They are "irrelevant" in the sense that standard first-order logic does not give us a way to systematically treat them, so in translation these more fine-grained distinctions are usually dropped in order to keep the symbolization simple.
For example, in natural language,
Bill has never eaten a hamburger
we should be able to infer
Bill didn't eat a hamburger yesterday
but this deduction is not possible in first-order logic based on the semantics of the verb tenses alone. We would need special predicates and additional axioms in order to carry out such inferences.
Likewise, in order to express the difference (and non-contradictoryness) between
Bill ate a hamburger
Bill will (not) eat a hamburger
we would have to encode the different verb tenses as two different predicates -- like eat-in-the-past and eat-in-the-future.
Such a symbolization is of course possible, and if you do it this way, there results no contradiction in negating the one of them. But such a more fine-grained symbolization that explicitly encodes tense is usually not done -- and this is what is presumably meant by your source by "verb tense is irrelevant for logic" -- because for the valid arguments that elementary logic can treat, tense does not play a role, since it is not systematically "recognized" by the logic anyway, so we might as well keep the language simple and, in the translation, drop the additional complication of tense that the logic doesn't "understand" anyway.
Whether we say 1. "If Bill is hungry, he eats a hamburger", 2. "Bill is hungry", 3. Therefore "Bill eats a hamburger" or 1. "If Bill is hungry, he will eat a hamburger, 2. "Bill is hungry", 3. Therefore "Bill will eat a hamburger", both inferences can be formalized by symbolizing the different tenses of "eat" as just "eat", and the inference will work in both cases, because the only thing that plays a role for the validity of the argument is modus ponens, and not whether the event expressed by the predication takes place now, in the past or in the future.
The arguments where the difference in time does matter, like the inference presented in my first example, can not be formally treated by standard logic anyway. And for all the inferences that are analyzable with standard logic, it makes no difference whether we talk about now or the past or the future. So for the sake of keeping the language simple and not have overly long predicates we can just translate all of them as "eat" and know as a background assumption that with this translation we mean now or the past or the future.
But that means that when we do want to express more fine-grained distinctions like truth of predications at different points of times, this needs to be done by an explicit (and not very elegant) treatment in the translation by symbolizing the different verb tenses as different predicates that are independent of each other, because FOL itself does not distinguish between different points in time by itself, it only knows predicates and any statement is considered to be evaluated at the same "time".

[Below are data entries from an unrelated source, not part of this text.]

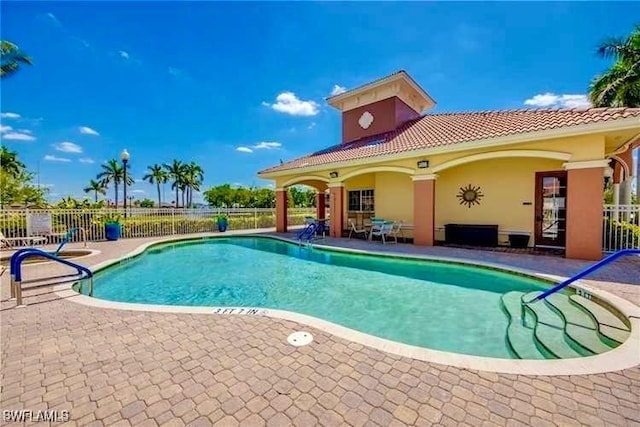 community pool with a patio area and fence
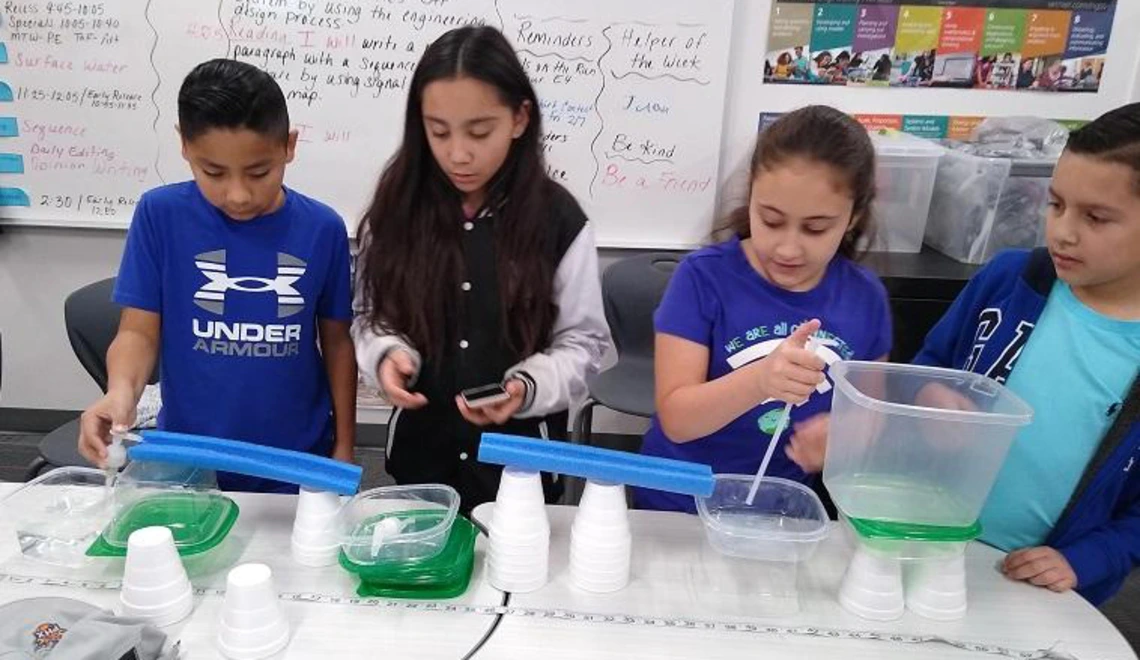 Children doing water experiment Children doing water experiment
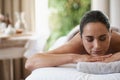 Spa, treatment and zen woman on massage table, salon and beauty therapist in wellness centre. Peaceful, smile and Royalty Free Stock Photo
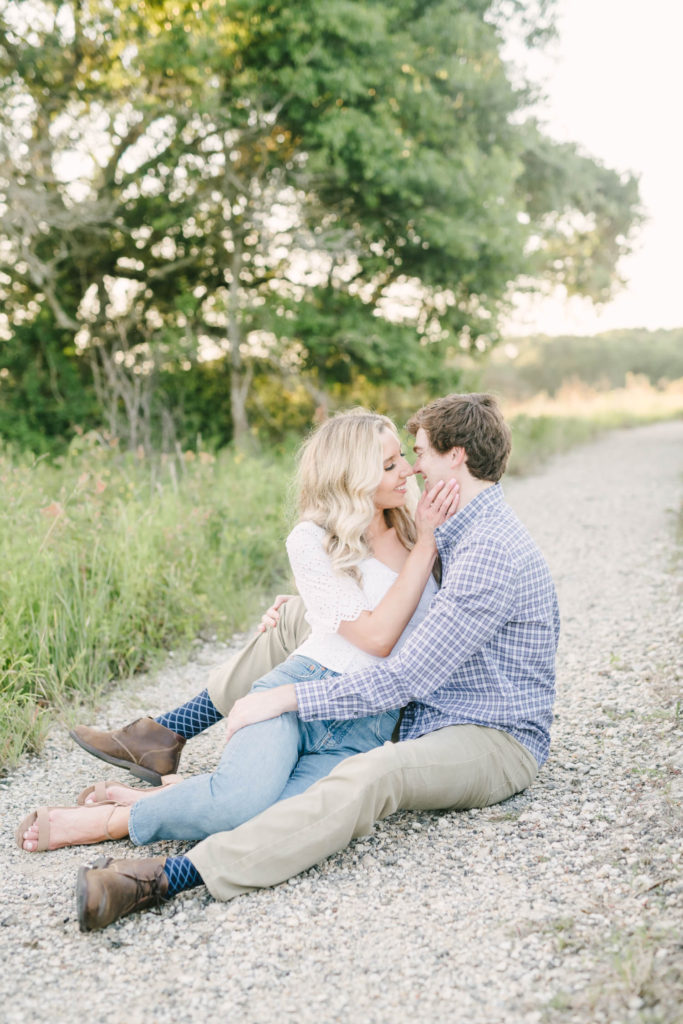 A bride-to-be sits in between her groom's legs on a gravel path and goes in for a kiss at Brazos Bend State Park by Christina Elliott Photography. couple poses intimate couple poses Houston wedding photographers #christinaelliottphotography #christinaelliottengagements #houstonengagements #brazosbendstateparkengagements #brazosbendphotography #houstonengagementphotographer #weddingannoucementphotos #houstonphotographers #couplegoals #soontobemarried #engaged #engagementphotos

In order to treat tense and carry out inferences like the one above in a systematic way that more closely reflects how we do it in natural language, we need to enrich the logic and make use of systems like temporal logic or modal logic (or combinations thereof) -- these systems can treat predications under different tenses, but they are not what is usually referred to by ordinary "logic" (which would be standard classical propositional or first-order logic).